How many times have we heard variations of the following soundbites from enterprising political candidates: “My business experience has prepared me to be an effective leader.” “Because of my business experience, I know how to balance a budget, not spend more money than I have, and create jobs.” “It’s time to apply good business practices to Washington.” Etcetera. Etcetera. Voters could recite them as thoughtlessly as a child singing an advertisement jingle.
Yet, for all the repetition, these statements are hardly scrutinized. Part of the reason is because it’s difficult. What does it mean to be a “better” politician or even a successful one? That’s as subjective a question as one can ask in politics.
However, political science can answer the question, “Are business people more likely to get elected?”
According to two Pew Research studies conducted in June 2011 and May 2014, a plurality of Americans answered that a candidate with business leadership experience would not make them more or less likely to vote for them. In short, a plurality of Americans don’t really care about business experience when picking their politicians.
But do business people make good politicians?
First, to speak of business monolithically is nonsense. For example, Leftists sometimes treat “business” as a scapegoat, but it’s rightly pointed out that some businesses have nothing to do with each other.
To blame, for example, the 2008 global financial crisis on “business” is -- besides unhelpful -- a gross generalization. What does a mom and pop store in a small town have to do with traders on Wall Street? In short, close to nothing.
Being the owner of a restaurant is certainly much different than being the owner of a 100-person technology company, and even further from being a Fortune 500 CEO. So preachers of the notion that businesspeople make better public servants are at least committing the same crass mistake as dogmatic anti-business types.
At this point, only a historical perspective can make an attempt at the truth.
The only person to go from the private sector straight to the White House without any prior political experience was Herbert Hoover, the man who -- perhaps unjustly -- was blamed by Americans for leading them into the Great Depression.
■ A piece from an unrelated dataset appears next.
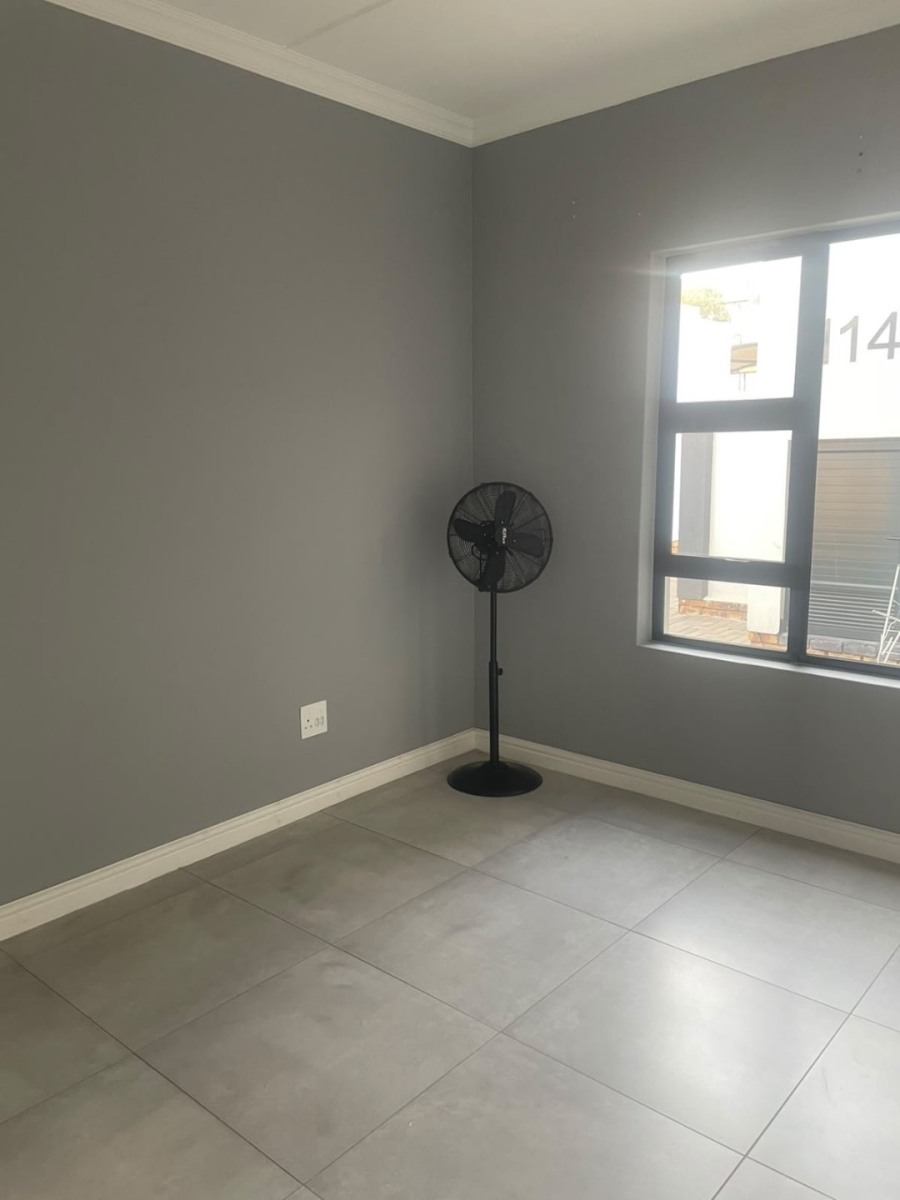 To Let 3 Bedroom Property for Rent in Glen Austin Gauteng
The only president to have an MBA was George W. Bush, who -- almost needless to say -- will be remembered for 2 wars and economic policies that preceded the Great Recession. He was also the only CEO (Texas Rangers Baseball Club) to become president.
However, there do exist opposing anecdotes.
Mitt Romney went from CEO to popular governor of Massachusetts. Michael Bloomberg went from CEO to 3-term mayor of New York City (though the jury is out on whether NYC is better for it). Mark Warner was a telecommunications executive before becoming governor of Virginia and is now a U.S. senator.
In short, there does not appear to be a correlation between having business savvy and political prowess.
If you won’t take it from me, then take from Jon Corzine, former senator and governor of New Jersey and former CEO of Goldman Sachs. After he was ousted from office by Chris Christie, Corzine had this to say to Newsweek:
"The idea that you're accountable to a bottom line and to a payroll in managing a business—it gives voters the confidence that you have the right skills . But it's 20,000 people versus 9 million. I don't think candidates get the scale and scope of what governing is. You don't have the flexibility you imagined. There's no exact translation.”
Perhaps what determines a good business-executive-turned-politician versus a mediocre (or awful) one is the personality and character that got him or her to the executive position in the first place.
Those same enterprising candidates like to remind voters that the Founders did not intend for the country to be run by a class of “career politicians.” But all that means is that a truly representative American political system would have politicians who are business people as well as soldiers, teachers, laborers, farmers, and students. None of these backgrounds are necessarily superior to one another.
In short, American democracy is not a business (yet) and it shouldn’t be run like one either.